Business technology trends in 2012
- 25 July, 2012 10:15
While economic uncertainties in the world continue, the momentum behind business growth and innovation remains strong. Global IT, business process and outsourcing company, CSC, recently published its top technology trends for enterprise IT in 2012 and predicts that technology innovations will continue to drive the agenda of enterprise IT.
Here are some key findings:
Cloud bandwagon rolls on
Cloud offerings are continuing to mature. The five key elements of Cloud — scalability, on-demand, pay-peruse, shared infrastructure, and Web access — are now becoming norms of IT service. Both IT and the business desire the increased agility and reduced costs promised by the Cloud. According to Gartner, the Cloud represents the industrialisation of IT capabilities and a new disruptive business model.
There are still some issues with the Cloud, however. Issues around transparency and governance, data sovereignty and trust are gradually being addressed by voluntary industry codes of conduct.
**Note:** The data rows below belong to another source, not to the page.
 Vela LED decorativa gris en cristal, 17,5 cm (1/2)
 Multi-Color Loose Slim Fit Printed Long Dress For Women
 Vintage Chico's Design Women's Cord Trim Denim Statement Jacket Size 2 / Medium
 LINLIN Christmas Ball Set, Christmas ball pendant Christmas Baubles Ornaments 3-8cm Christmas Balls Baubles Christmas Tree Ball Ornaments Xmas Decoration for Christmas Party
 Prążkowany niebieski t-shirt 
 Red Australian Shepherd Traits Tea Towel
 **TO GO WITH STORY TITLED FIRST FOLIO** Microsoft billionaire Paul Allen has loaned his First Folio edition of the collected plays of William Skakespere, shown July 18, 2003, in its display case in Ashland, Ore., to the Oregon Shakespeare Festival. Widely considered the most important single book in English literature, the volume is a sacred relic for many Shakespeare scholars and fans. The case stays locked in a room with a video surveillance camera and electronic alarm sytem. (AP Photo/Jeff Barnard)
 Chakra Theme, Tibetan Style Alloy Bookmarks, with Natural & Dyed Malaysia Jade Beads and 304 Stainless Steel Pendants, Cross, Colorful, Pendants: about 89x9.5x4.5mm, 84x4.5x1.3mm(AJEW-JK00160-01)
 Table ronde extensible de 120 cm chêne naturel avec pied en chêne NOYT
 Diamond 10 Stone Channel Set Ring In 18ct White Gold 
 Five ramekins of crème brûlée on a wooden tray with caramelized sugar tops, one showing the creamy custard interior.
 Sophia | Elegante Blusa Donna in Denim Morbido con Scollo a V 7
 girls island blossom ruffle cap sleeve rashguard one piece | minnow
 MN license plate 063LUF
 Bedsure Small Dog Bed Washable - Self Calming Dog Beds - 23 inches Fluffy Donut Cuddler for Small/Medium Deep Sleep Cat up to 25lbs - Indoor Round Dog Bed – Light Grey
Enterprises are currently leaning towards private Clouds that are provided by reputable suppliers.
The digital age has stretched legacy systems to their limits. These legacy systems are holding businesses back from fully utilising innovations, such as the Cloud, mobility, and consumer technology. More and more businesses are starting to consider legacy replacement/transformation strategies. The benefits of modern legacy systems are beginning to exceed the costs and risks of replacing legacy assets.
Greater data visibility
Due to the demands of the digital economy, more and more business data is becoming available online. In the era of the internet, business processes need to be agile. Customers, partners and suppliers at the other end of these processes also demand companies’ data have greater visibility. Enterprises can no longer lock their data in internal silos.
Instead, enterprises need to consider whether confidential data and information can and should be made available online.
Consumerisation of IT
As more people are using smartphones, tablets, context-aware devices and applications, interacting with PC desktops/ laptops is increasingly becoming considered old fashioned and limiting. Companies will increasingly need to reach people using these mobile devices. Build-in location awareness, augmented reality and sensors are redefining how we interact with technology.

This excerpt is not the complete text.